#### Data in this exercise ####

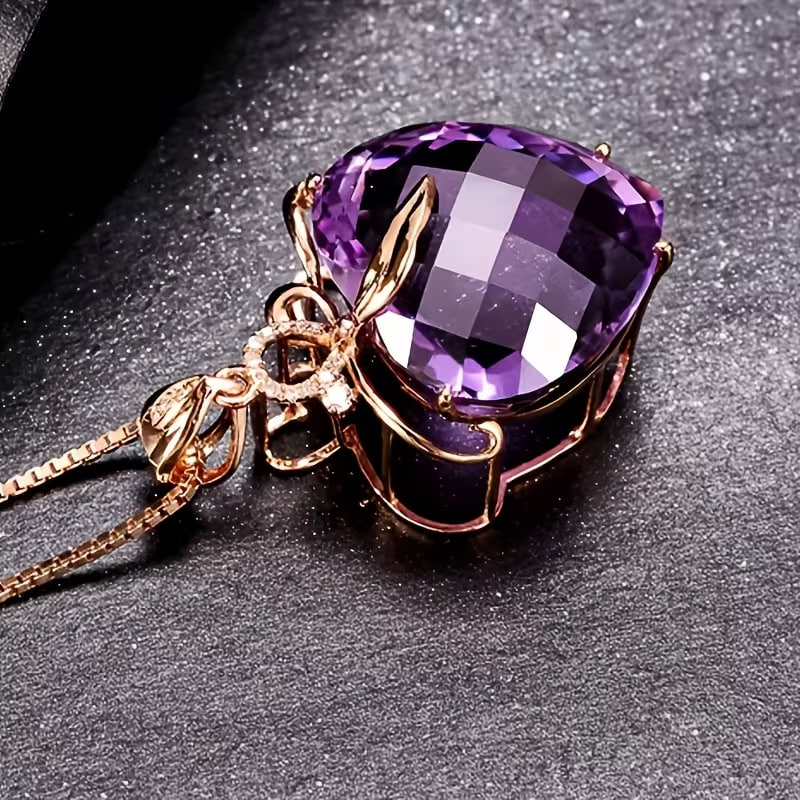 1pc Elegant Heart Shaped Amethyst Pendant Necklace with Golden Tone 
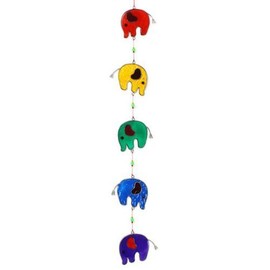 Suncatchers Colourful Elephant Stained Glass Sun Catcher Mobile - Beautiful Window Hanging - Home Decoration
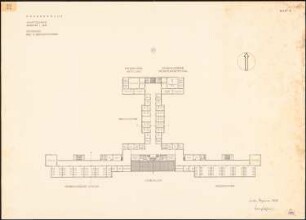 Krankenhaus: Hauptgebäude: Grundriss 3. Obergeschoss 1:200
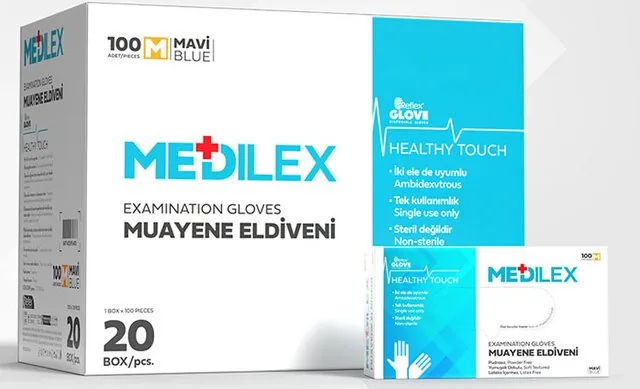 Reflex Medilex Mavi TPE Muayene Eldiveni kutu görseli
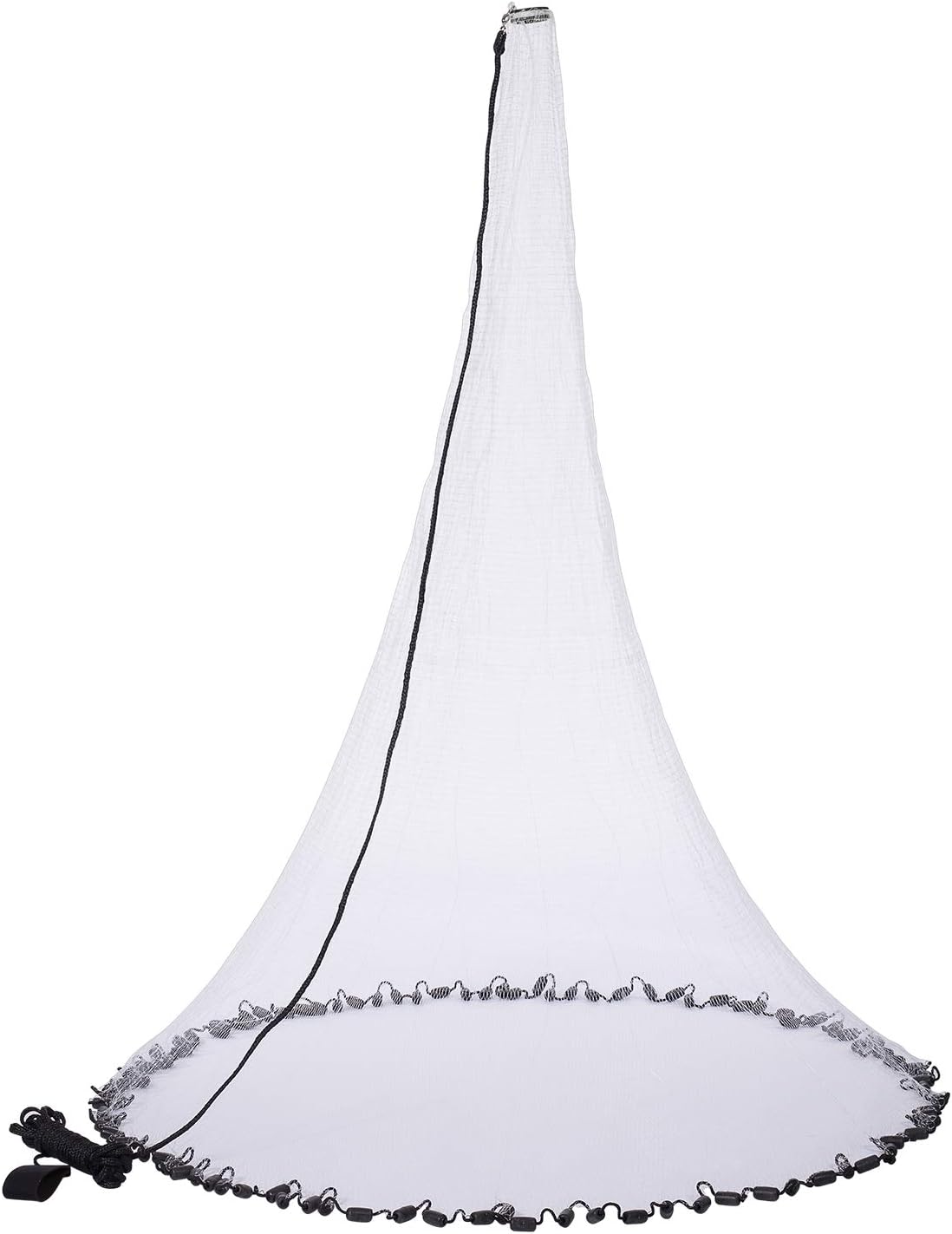 BASSDASH American Saltwater Fishing Cast Net 3/8 1/4-Inch Mesh 4ft 6ft 8ft Radius, 1-Pound Per Foot, for Bait Fish with Utility Bucket Casting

####

• **How to complete this task**: This task asks for the data above repeated exactly, without a single picture.

• **Result of the exercise**:
 1pc Elegant Heart Shaped Amethyst Pendant Necklace with Golden Tone 
 Suncatchers Colourful Elephant Stained Glass Sun Catcher Mobile - Beautiful Window Hanging - Home Decoration
 Krankenhaus: Hauptgebäude: Grundriss 3. Obergeschoss 1:200
 Reflex Medilex Mavi TPE Muayene Eldiveni kutu görseli
 BASSDASH American Saltwater Fishing Cast Net 3/8 1/4-Inch Mesh 4ft 6ft 8ft Radius, 1-Pound Per Foot, for Bait Fish with Utility Bucket Casting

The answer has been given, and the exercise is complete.